Asian Glazed Orange Chicken
Asian Glazed Orange Chicken is a quick and easy dish featuring tender chicken pieces coated in a tangy, sweet, and savory orange glaze with a slight hint of spice. Perfect for weeknight dinners or casual meals, it combines fresh orange juice and zest with soy sauce, garlic, ginger, and honey to create a vibrant sauce that delivers restaurant-quality flavor using simple ingredients and straightforward steps.
- Author: Nina
- Prep Time: 10 minutes
- Cook Time: 15 minutes
- Total Time: 25 minutes
- Yield: 4 servings 1x
- Category: Main Course
- Method: Pan-Frying
- Cuisine: Asian
- Diet: Gluten Free
Chicken
- 1 lb boneless, skinless chicken thighs or breasts, cut into bite-sized pieces
- Salt, to taste
- Black pepper, to taste
- 2 tbsp cornstarch (for coating)
- Vegetable oil, for frying
Orange Glaze Sauce
- 1/2 cup fresh orange juice
- 1 tsp orange zest (from 1 medium orange)

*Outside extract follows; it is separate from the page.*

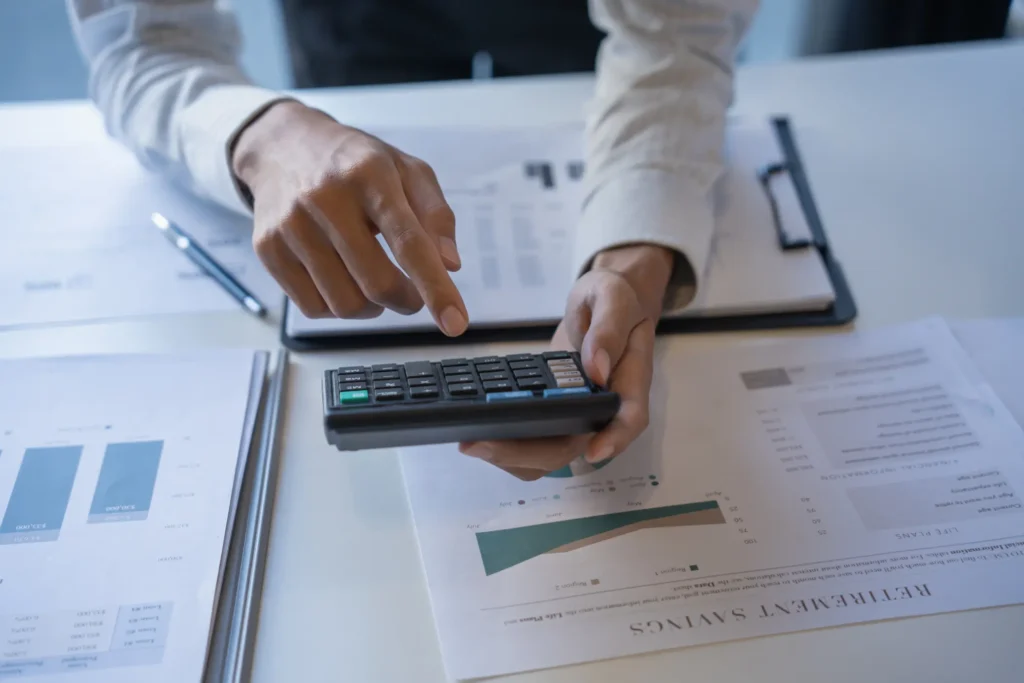 Manos de un experto analizando datos con calculadora para el informe de prevención de blanqueo de capitales.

- 1/4 cup soy sauce (or tamari for gluten-free)
- 2 tbsp honey or brown sugar
- 1 tbsp rice vinegar
- 2 cloves garlic, minced
- 1 tbsp fresh ginger, grated
- 1/4 tsp red pepper flakes or 1 tsp chili paste (optional)
- 1 tbsp cornstarch mixed with 2 tbsp cold water (slurry for thickening)

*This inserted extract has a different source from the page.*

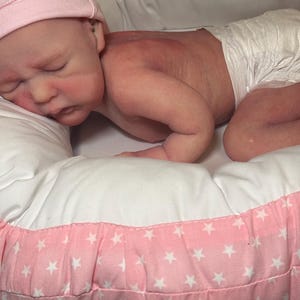 May include: A realistic baby doll wearing a pink knit cap and a diaper, lying on a white pillow inside a pink and white star-patterned bed. The doll has a realistic skin tone and is posed as if sleeping.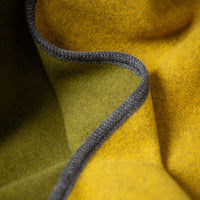 lodendecke-schurwolle-warme_wolldecke-grun-gelb-2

- Prep the Chicken: Cut chicken into bite-sized pieces for even cooking. Pat dry to help the coating stick and seasoning penetrate. Toss with salt, pepper, and 2 tablespoons of cornstarch to create a light crust when cooked.

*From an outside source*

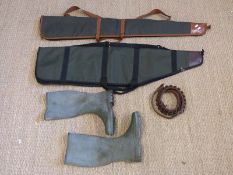 Two gun slips, a leather cartridge belt and a pair of wellies.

- Make the Orange Sauce: In a bowl, whisk together fresh orange juice, orange zest, soy sauce, honey, rice vinegar, minced garlic, grated ginger, and red pepper flakes or chili paste if using. This will form the flavorful glaze.
- Cook the Chicken: Heat vegetable oil in a large skillet over medium-high heat. Add the chicken pieces and cook until golden brown and cooked through, about 6-8 minutes, flipping halfway. Remove chicken and set aside.
- Thicken the Sauce: Pour the prepared orange sauce into the hot skillet. Bring to a gentle boil, then whisk in the cornstarch slurry. Stir continuously until the sauce thickens, becomes shiny and smooth.
- Glaze and Serve: Return the cooked chicken to the skillet and toss in the thickened sauce until well coated. Let simmer together for 1 minute to soak up the glaze. Serve immediately.
Notes
- Pat chicken dry before coating for a crispier texture.
- Use fresh orange juice and zest for best flavor.
- Do not overcrowd the pan; cook chicken in batches if necessary.
- Adjust sweetness gradually by starting with less honey or sugar and adding more to taste.
- The orange glaze sauce can be made ahead and stored in the refrigerator for up to 2 days.
- For gluten-free, substitute soy sauce with tamari and use gluten-free cornstarch or arrowroot.
- Optional toppings include chopped scallions, toasted sesame seeds, or fresh cilantro for extra flavor and presentation.
- Serve with steamed jasmine or basmati rice and sautéed vegetables for a complete meal.
- Leftovers can be refrigerated for up to 3 days; add splash of water or orange juice when reheating to restore sauce consistency.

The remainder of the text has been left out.